• **WHAT THE TASK REQUIRES**
Copy the data below exactly, omitting any picture it contains.
Start of SOURCE DATA
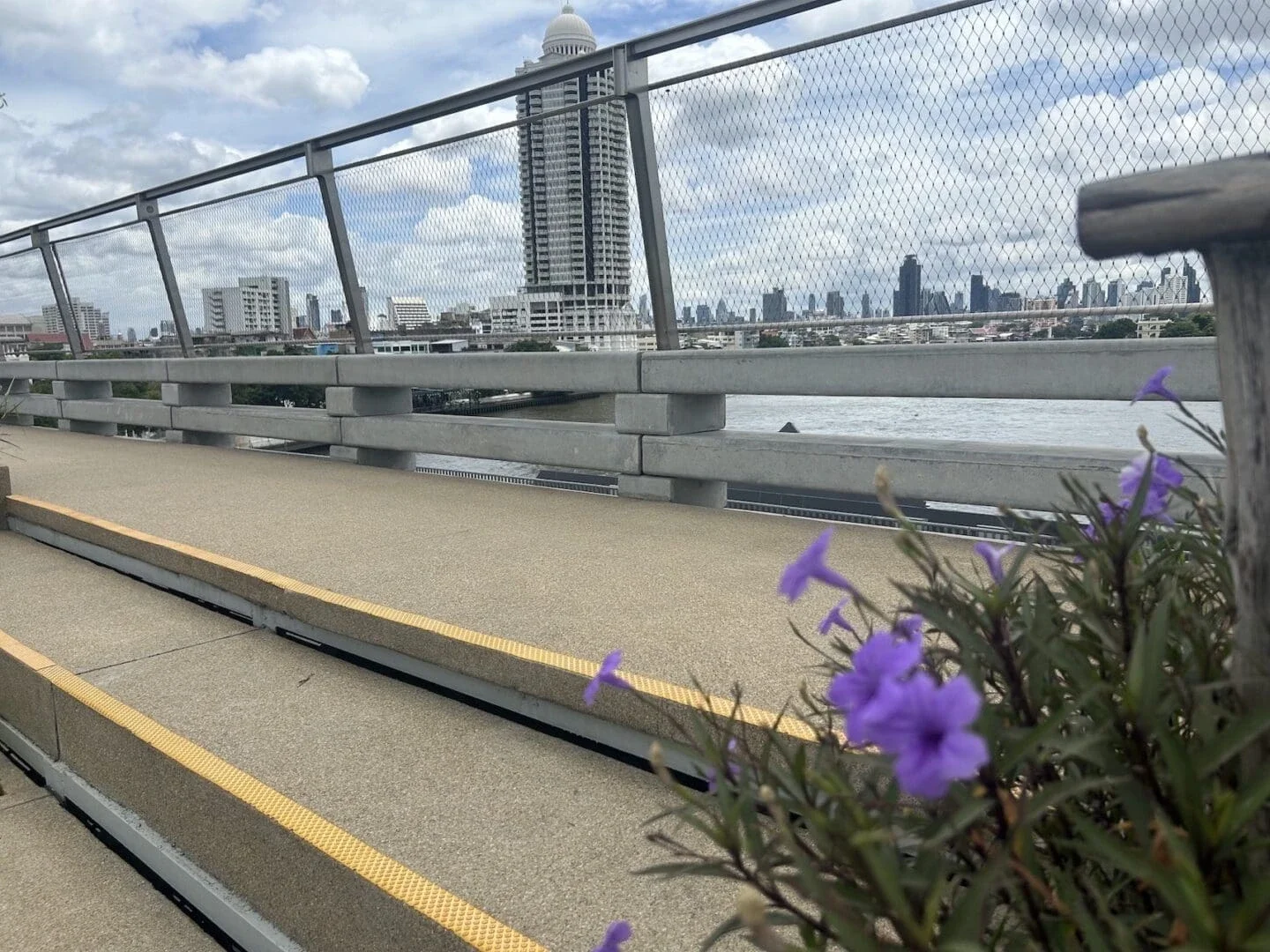 view of water and sky scraper building from a bridge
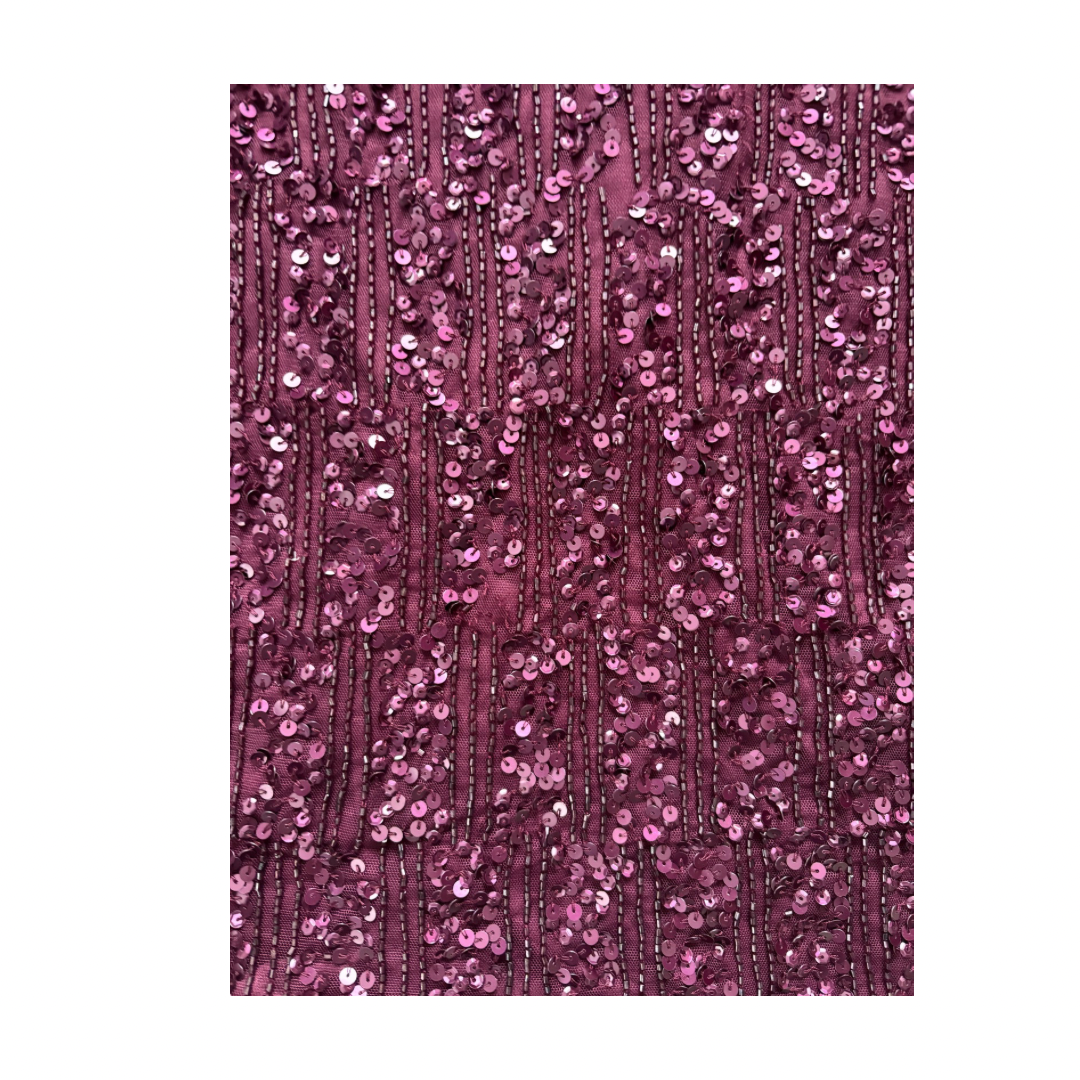Plum sequin fabric texture on a white background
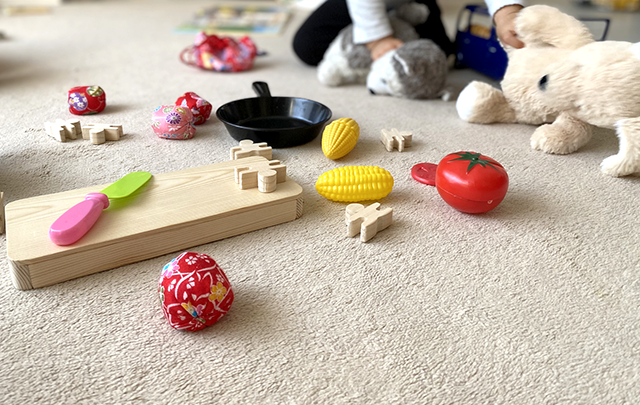 カーペットの上におもちゃが散らばり雑然とした部屋の画像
End of SOURCE DATA
• **PROBLEM SOLUTION**
 view of water and sky scraper building from a bridge
Plum sequin fabric texture on a white background
 カーペットの上におもちゃが散らばり雑然とした部屋の画像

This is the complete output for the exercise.